We did not observe higher CAVI values in those of our studied population who exhibited dyslipidemia in the form of an elevated LDL, TC, or TG/HDL ratio. Increased vascular stiffness has been previously reported in pediatric patients exhibiting similar lipid abnormalities [25]. This observation may be due to our use of CAVI as the measure of vascular stiffness whereas this previous work utilized more traditional measures of vascular stiffness, pulse wave velocity and augmentation index. The authors of this study mention that their observed association was particularly prominent in the obese youth population. This stands in contrast to data we have previously reported that describes an inverse relationship between CAVI values and body mass index, thought to reflect vascular adaptations to the state of obesity seen in the early years of life [34]. It is assumed, however, that these protective vascular changes do not persist in the face of long-standing obesity and that—eventually—vascular stiffness (and thus CAVI values) would increase over time as is observed in the adult population [35]. Studies investigating the effect of dyslipidemia on arterial stiffness in the pediatric population are few, however, likely due to the difficult, arduous nature of longitudinal observational studies that would provide the best insights.

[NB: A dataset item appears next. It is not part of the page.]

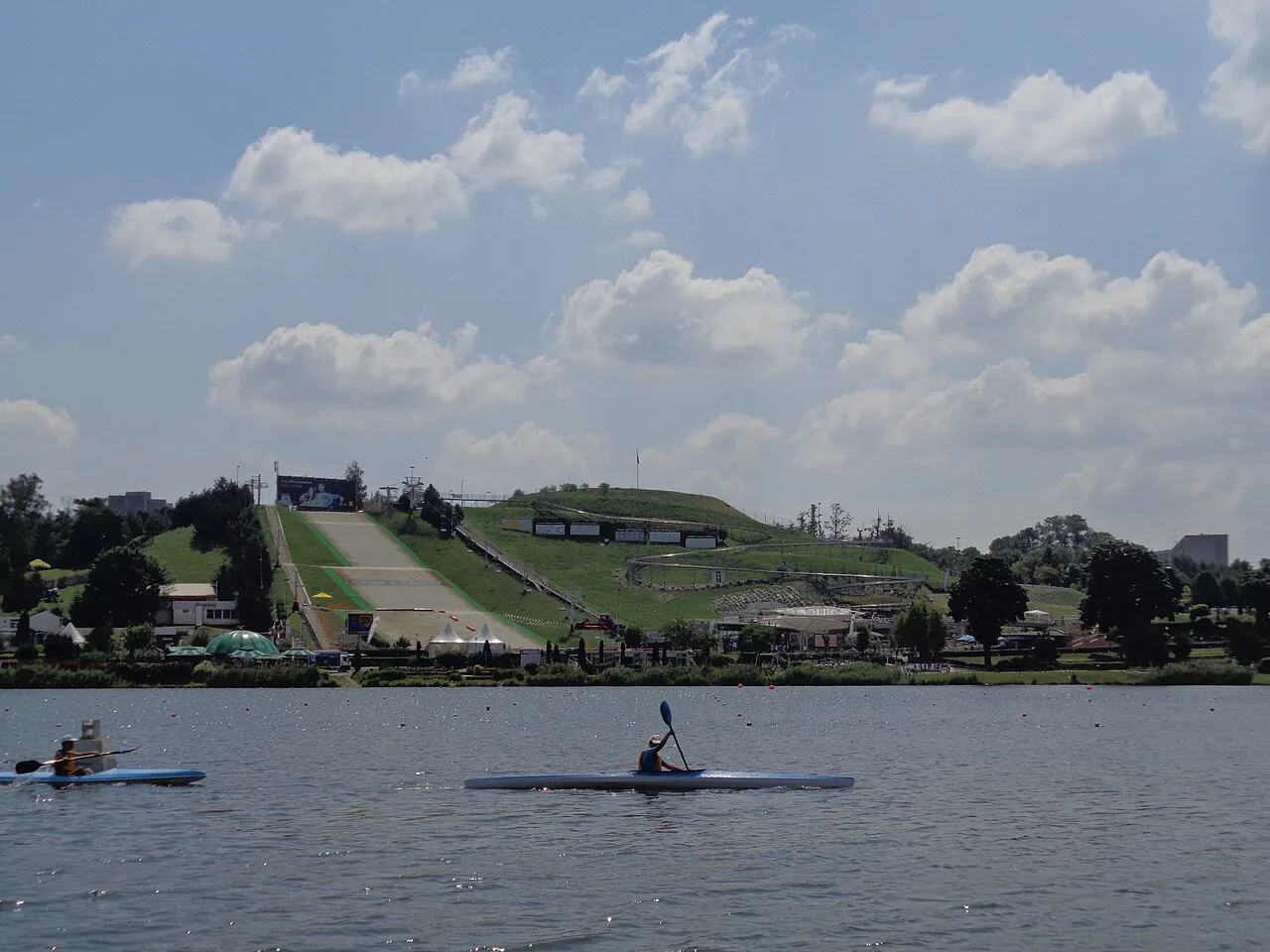 Canoeists on Lake Malta in Poznań.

This study is inherently limited by its retrospective nature and relatively small sample size. Ideally, this work would be conducted in a controlled, prospective manner to ensure all studied subjects undergo all studied testing modalities (echocardiography, lipid screening, etc.). However, even considering its retrospective nature, we feel the results still provide useful insight to the utility of CAVI in this patient population. As a relatively quick and easy tool with limited expertise requirements, it does pose as a potential “6th vital sign” which can be used at scale for larger prospective, longitudinal studies to investigate changes in vascular stiffness as measured by CAVI over time with increasing age, development of LVH in the setting of long-standing HTN, and evolving lipid profiles. This would provide greatest insight into the applicability of this testing modality as a screening tool in our patient population.

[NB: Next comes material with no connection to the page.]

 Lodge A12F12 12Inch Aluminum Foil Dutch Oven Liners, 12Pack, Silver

In conclusion, CAVI remains a BP-independent measure of vascular stiffness that shows great potential for use in the pediatric population. In post-pubertal (and likely all aged) children, CAVI may be a good predictor of LVH from long-standing HTN. This tool could prove useful in screening for the presence of atherosclerotic changes early in their course and provide opportunity for intervention and improved long-term outcomes.